Die Zensur macht es Giuseppe Verdi und seinem Librettisten Francesco Maria Piave schwer, das Werk nach dem Roman von Victor Hugo „Le roi s´amuse“ zu verwirklichen. Schon am Titel stritten sich die Geister, weltlich und geistlich. So kam der Titel „Der Fluch“ nicht zustande. Der Fluch des Monterone ist eine Schlüsselstelle der Oper. Nicht über Rigoletto aber über den Inszenierungen dieses Werkes an der bayerischen Staatsoper lastet ein Fluch. Flogen bei der Inszenierung von Doris Doerrie Bananen, weil sie den Hofstaat des Herzog von Mantua zu Affen machte, so fehlt der aktuellen Inszenierung von Arpad Schilling aus 2012 jegliche Originalität und Personenregie. Edel und monoton ist die Bühnen- und Kostümgestaltung von Marton Agh. Eine überdimensionierte Holztribüne, in der Mitte teilbar, fasst den Abend über den großen Chor und Statisten, alle in hellen Sommeranzügen gesteckt, der das Geschehen um die Protagonisten beobachtet und begleitet. Mal fällt im gleissenden hellen Licht ein langer weisser Vorhang von oben herab, mal schliesst sich der prunkvolle Saalvorhang der bayerischen Staatsoper und es wird auf einem Podest über dem Souffleurkasten stehend gesungen. So gehört der Abend dieser Wiederaufnahme den Sängern, die allesamt mit ihrer Leistung und Rollengestaltung überzeugen.
Benjamin Bernheim hat sich in den letzten Jahren innerhalb kurzer Zeit zu einem der gefragtesten lyrischen Tenöre entwickelt. Viel Lob seitens der Presse und eine hohe Anerkennung beim Publikum ließen die Spannung auf sein Rollendebüt als Duca di Mantova in München steigen. Der junge Schweizer startet gleich zu Beginn mit viel Ausdruck, gehaltvollen Tönen und Präsenz. Seine Stimme ist wunderbar weich unterlegt, mit einem großen Stimmumfang bis in die Höhe sicher und klar. Die Töne setzt er exakt von oben auf und ohne Druck öffnet er sein Volumen und zieht gefühlvoll die Melodiebögen zur großen Freude des Publikums. Hier zeichnet sich eine grosse Karriere ab. Seine berühmte Arie „ La donna e mobile“ kostet er und das Publikum bis in die Spitzentöne aus. Entspannt kann gelauscht werden, ohne Angst vor dem nächsten hohen Ton. Auch optisch erfüllt er die Anforderungen an den jungen schönen Geliebten von Rigolettos Tochter Gilda.
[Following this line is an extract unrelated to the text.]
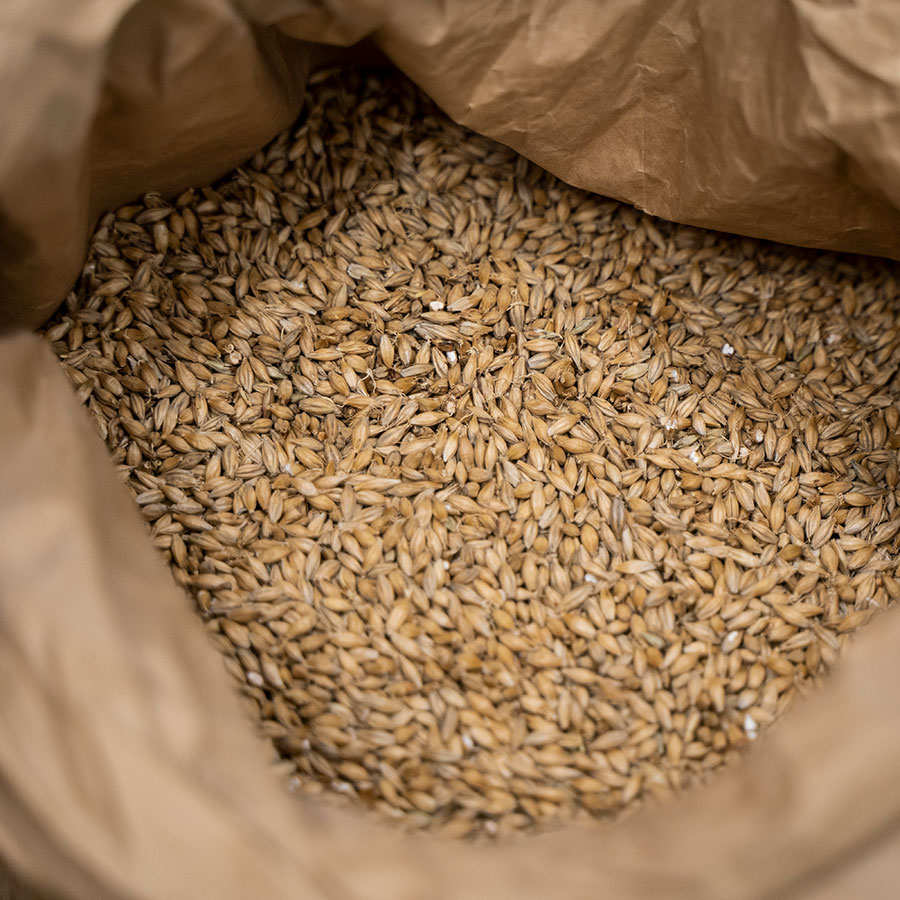 Pehkolan Mallastamo Pilsner - Image 5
Auch hier macht eine junge Sängerin auf sich aufmerksam, die bereits an vielen großen Häusern aufgetreten ist. Die Amerikanerin Erin Morley wirkt zart und eher gebrechlich, anschmiegsam schüchtern zeichnet sie eine von Liebe entrückte wohl behütete Tochter. In Jeans und Pullover ist sie ein moderner Teenie. Ausnehmend leicht gelingen ihr die schwierigen Triller, die immer wieder in ihre Arien hineingeflochten sind. Manch hoher Ton sitzt unsicher aber sie zeigt, dass sich ausreichend Stimmumfang bis in die Spitzentöne hat und flexibel in der Stimme für gesetzte Nuancen ist.
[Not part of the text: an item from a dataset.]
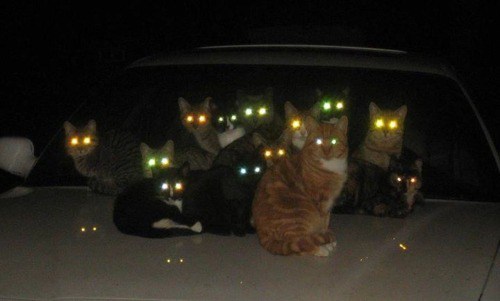 Светящиеся глаза кошки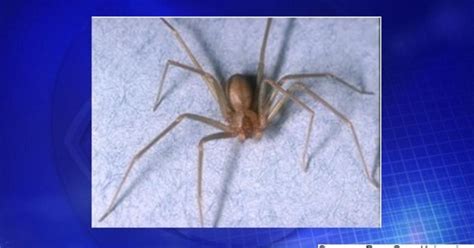 Venomous spiders close Pennsylvania elementary school - CBS News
Den Titelhelden mit der anspruchsvollen Aufgabe liebevoller Vater und beißend süffisanter, auch böswilliger Hofnarr zu sein, obliegt Ludovic Tezier, der hier schon in verschiedenen Rollen überzeugte. Ohne Buckel im hellen Sommeranzug oder zum Schlussbild im Frack ist die Rolle von der Regie verfremdet, umso mehr liegt es an dem Sänger ein Rollenbild zu zeichnen. Die Lyrik, die Liebe und die flehende Wehmut und Sorge um die Tochter liegen dem lyrischen mächtig mit Timbre unterlegten Bariton mehr als die dramatischen Auftritte vor dem Hofstaat oder gegenüber Monterone. Legati, weiche crescendi und piani versteht er mit Gefühl zu gestalten und einen Schuss Tristesse in die Färbung zu legen. Auch ohne Intimität auf der grossen leeren Bühne kann er berühren.
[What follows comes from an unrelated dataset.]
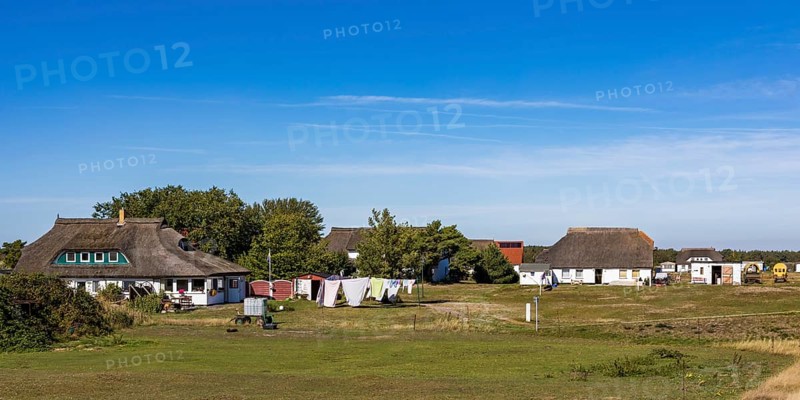 Residential houses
Paolo Carignani macht es den Sängern mit Volumen und Tempo im Orchestergraben nicht leicht. Blech und Schlagzeug spielen mächtig in ersten Bild auf, aber im Laufe des Abends zieht er sich zurück, setzt aber weiter auf Dramatik und Steigerung und folgt nicht den Sängern, die auf Gefühl und Ritardando in ihrer Lautmalerei setzen. Aber es fügt sich zusammen und das Publikum ist am Ende begeistert und bejubelt seine neuen Lieblinge.